The course was of no particular distinction, and space was restricted, but golf was so popular with locals and visitors that it was frequently overcrowded. Various schemes for a new golf course were considered, but no suitable land could be found until Belleisle estate came on the market in 1926. The Council purchased the estate, and James Braid, five-time Open Championship winner and celebrated golf course architect, was invited to design the courses. Two courses were planned, No. 1 which became known as Belleisle, and No. 2, incorporating part of the old course, which became known as Seafield. The Council approved Braid’s plan, and the construction contract was awarded to the firm of John R. Stutt of Paisley. (Braid and Stutt often worked closely together in golf course construction.) Clubhouse facilities were installed in part of the basement floor of Belleisle mansion house, and the remaining grounds of the estate were laid out as a public park. The cost of the golf courses was around £5,000.

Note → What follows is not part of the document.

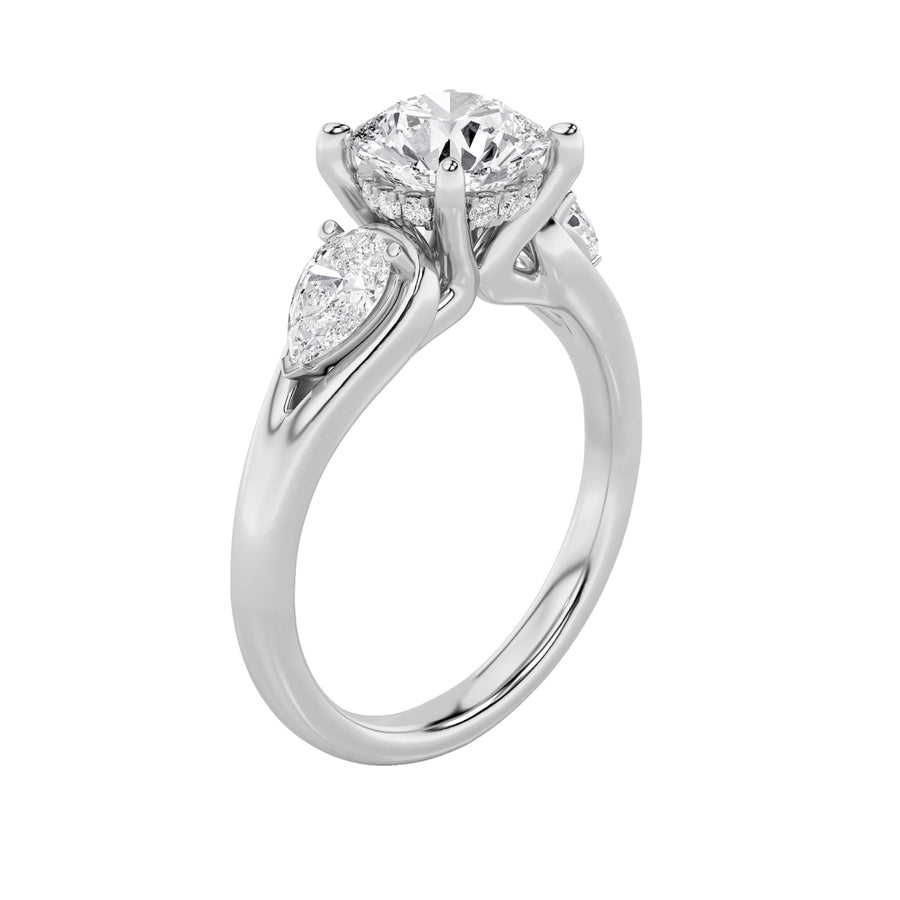 Round Shape Accented Three Stone Ring lab grown diamond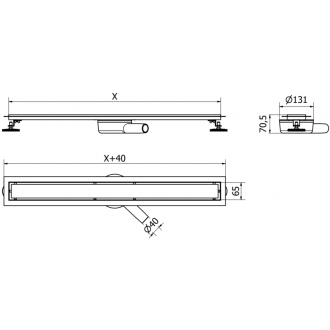 Mexen Flat 360° M03 otočný odtokový žľab 100 cm chróm - 1022100-40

Both courses were officially opened on Saturday 10 September, 1927, Provost James Gould driving the first ball from the first tee on each course in front of a large crowd. Exhibition matches were played between James Braid and Alexander ‘Sandy’ Herd – another veteran Scottish professional and Open Championship winner (1902) – on one side and two local amateurs, the Reverend David Rutherford, minister of Ochiltree, and Allan Raeside, of Ayr Municipal Golf Club, on the other side. The amateurs won the morning match on the Seafield course, and the professionals won the afternoon match on the Belleisle course. During the interval, Provost Gould presided over a luncheon for a large number of guests including local dignitaries and representatives of Ayrshire golf clubs. Two silver trophies were exhibited, one presented by Sir Archibald Walker of Newark Castle and the other by the contractor, John R. Stutt. These were to be competed for annually.

The 1936 Penfold Golf Tournament was played at Belleisle on 15, 16 and 17 June. It was won by Troon-born James ‘Jimmy’ Adams, who shortly afterwards came second in the Open Championship at Hoylake. Tom Collinge came second. Percy Alliss, who came third, set a new course record of 69.

During the Second World War, when Germany’s U-Boat campaign threatened Britain with starvation, the Belleisle course was ploughed up and used to grow food. It was reinstated after the war by the original contractors, Messers Stutt & Co. of Paisley at a cost of £2,000. It was re-opened on 4 June 1949 when an exhibition match was played between the pairing of John Panton, Scottish Professional Champion and Hamilton McInally, three times Scottish Amateur Champion, against Jimmy Adams the 1936 Penfold winner and Victor Finlayson, the Belleisle Club Champion. (Panton and McInally won.)

The 1963 Swallow-Penfold Golf Tournament was played at Belleisle. It was won by Bernard Hunt.

In 1978, when the Open Championship was played at Turnberry, Belleisle hosted the qualifying rounds.